WORK ITEM
Everything in the listing below from the line containing "BMW 330 HN69 JXA" through the line containing "Le chantier a" must be repeated exactly; the remaining lines are not wanted.

DATA LISTING
▽

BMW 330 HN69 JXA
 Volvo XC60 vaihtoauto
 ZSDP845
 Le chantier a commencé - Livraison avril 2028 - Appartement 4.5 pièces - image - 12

△
▽

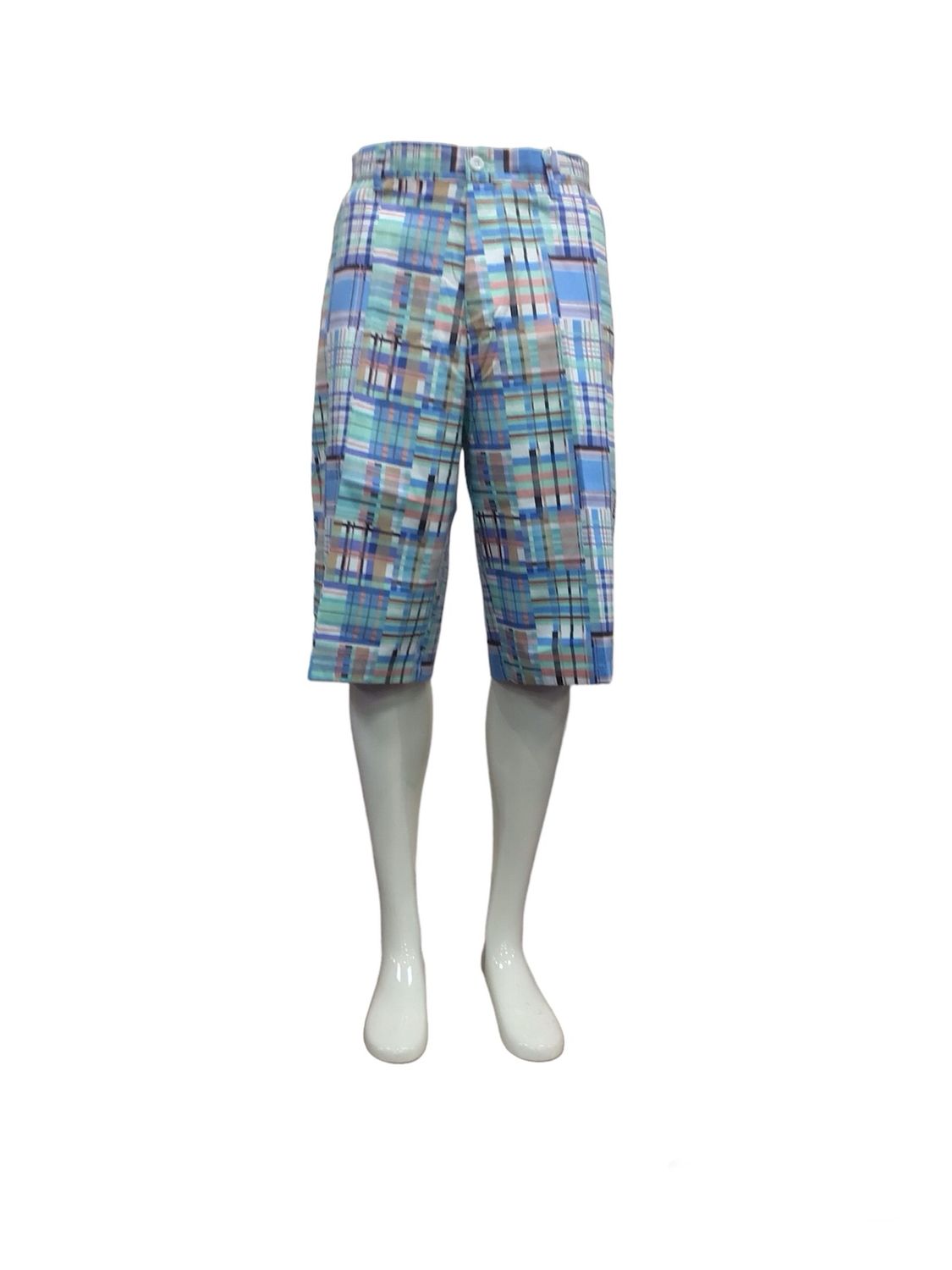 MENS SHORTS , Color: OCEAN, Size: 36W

△
▽

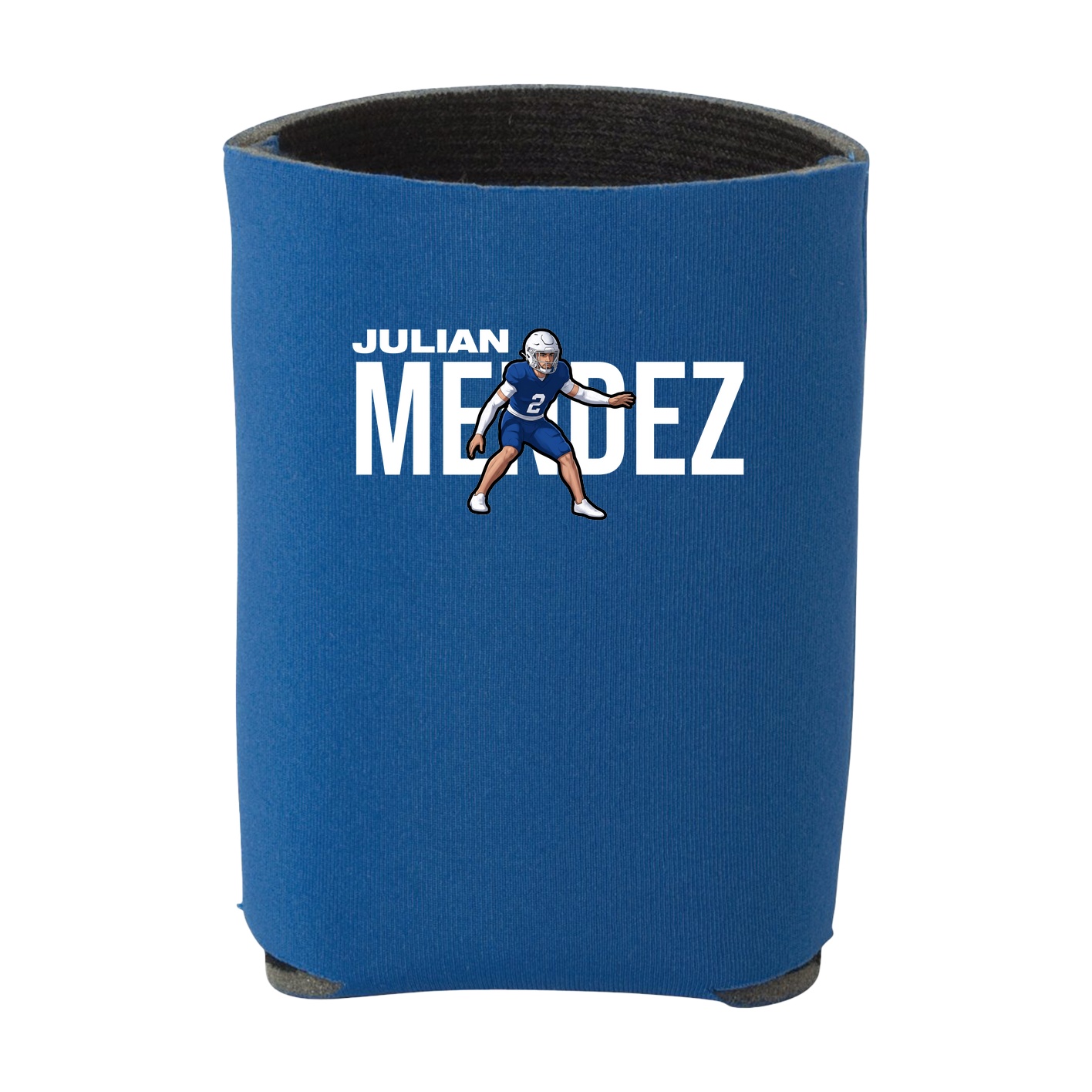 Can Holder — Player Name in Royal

△

THE ANSWER
BMW 330 HN69 JXA
 Volvo XC60 vaihtoauto
 ZSDP845
 Le chantier a commencé - Livraison avril 2028 - Appartement 4.5 pièces - image - 12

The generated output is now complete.